Try these creative ways to prolong the chef's grateful rest.
When I was growing up, Thanksgiving meant an antipasto platter laden with all varieties of meat, cheese, olives, and fennel. It meant fruit cocktail in fancy glasses. (I chose my seat based on the one that had the most fluorescent-red maraschino cherries.) It meant a plate of baked ziti before the turkey dinner with all its accompaniments. It meant an impressive spread of cheesecakes, sugar cookies, pies, and the trifle my Grammy made just for me.
It wasn’t until I had a family of my own that I came to appreciate the meaning of that enormous feast – how fortunate we were to share it; to have each other and even that fennel with its odd licorice-like flavor.
But after the busyness of preparing the meals and enjoying the guests comes a quieter gratitude. The fridge has been filled with leftovers, the dishes have been washed and put away, and the cook of the house has crossed the finish line.

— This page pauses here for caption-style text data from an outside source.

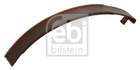 Febi Bilstein Distributieketting geleiderailvoering 10336 Febi Bilstein Distributieketting geleiderailvoering 10336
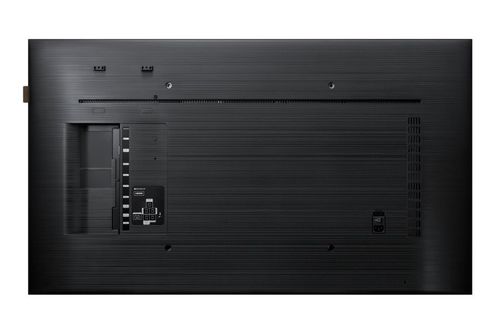 Samsung 49'' QM49F na Arena.pl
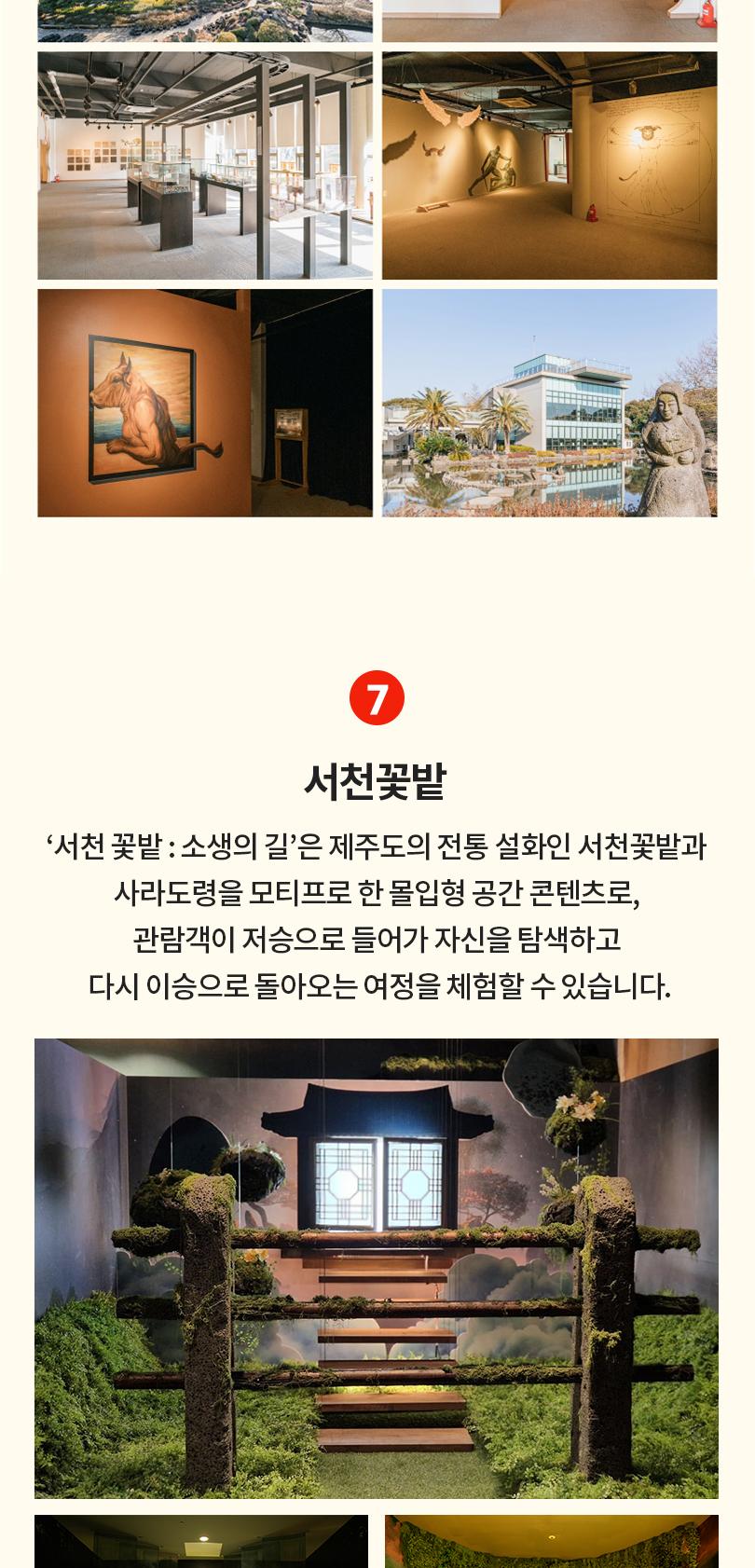 상품 상세 이미지 8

Time to put your feet up for a few days and live off the ready-made meals of leftovers.
It’d be easy to throw a plate of turkey, stuffing, gravy, and mashed potatoes in the microwave each night until you’ve eaten all of that delicious Thanksgiving dinner.
Instead, think of those leftovers as a blank canvas. It’s much more fun to take those components and transform them into something new.
Here are three sandwiches – from simple to more elaborate – to make delicious use of your leftovers and prolong the cook’s grateful rest a few days longer.
This one’s easy: Reheat leftover turkey, stuffing, and mashed potatoes. Spread some cranberry sauce on a lightly toasted slice of thick, doughy bread. Top the cranberry sauce with the hot turkey, stuffing, and potatoes. Drizzle hot gravy over the entire thing and enjoy. (Note: This is a knife-and-fork kind of sandwich.)
This is a slightly more complex but delicious way to breathe new life into turkey leftovers. I love it on a lightly toasted bagel with a slice of Swiss cheese. Chop or tear leftover turkey into small pieces. Add finely diced onion and celery. Combine with just enough mayonnaise and mustard to bind the salad. Season with salt and pepper, to taste. Stir in some dried cranberries if you like.
Turkey, Brie, and Apple-Butter Melt
This is more complex, but it’s a perfect blend of flavors. You can buy apple butter in most grocery stores, but it’s a cinch to make (recipe follows). For the sandwiches, thinly slice brie and spread it onto a sturdy piece of crusty bread. Spread apple butter (or cranberry sauce, if you prefer) onto another piece of bread. Place a few slices of turkey between the bread slices. Loosely wrap the sandwich in foil and bake for about 20 to 25 minutes in a 350 degree F. oven until the cheese has melted, the bread feels slightly toasted, and the turkey is warm.
5 to 6 apples, peeled, cored, and coarsely chopped
1-1/2 cups apple cider
Cinnamon stick (optional)
Simmer the apple pieces in the cider for about 20 minutes. If desired, add a cinnamon stick to simmer in the mixture. Remove cinnamon, then purée the apples until smooth. Pour the purée into an oven-safe pan, cover, and place in a 250 degree F. oven for about five hours. The apple butter will darken to a rich brown.